Nine years later, our village still stands, one of the last in the Central Province. The mo attacked our province first, breaking the wards between realms so they could take down our emperor and his army in the Imperial City. The devastation quickly spread throughout the province as the demon armies fed on us and our soldiers. But I’ve heard rumors that life remains somewhat normal in the Northern, Southern, Eastern, and Western Provinces, especially far out toward the borders of the mortal realm and the Four Seas of the dragon realms. As the months turned to years and the mo remained in the Imperial City, folks in the Central Province began to migrate to the outskirts of the kingdom.

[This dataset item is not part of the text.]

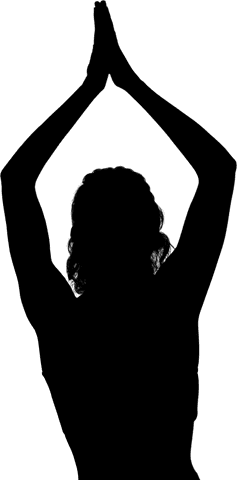 Transparent silhouette of woman practicing yoga in peaceful pose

I enter our village through the pai’fang, feeling the faint swirl of spirit energy as the wards’ magic brushes against my skin. Inside the gate, the rows of clay houses with their gray-tiled roofs and curving eaves sit silent on either side of the dusty road. Once, hawkers would have been setting up their tarps along the streets, ready to receive traders from the Silk Trail that wound through the Kingdom of Rivers.
Now the Trail is gone, as are most of the Xi’lin villagers. I don’t know why Ba didn’t just pack our bags and migrate south toward the sea in the early days. But I’m still here. I tell myself it’s because I’m not strong enough to take my mother and my little sister beyond the protected borders of Xi’lin on a journey through the mo-infested province. Yet there’s another reason, one that I’ve kept to myself. Leaving feels like abandoning the last traces of Ba that remain in this world. Leaving feels like giving up.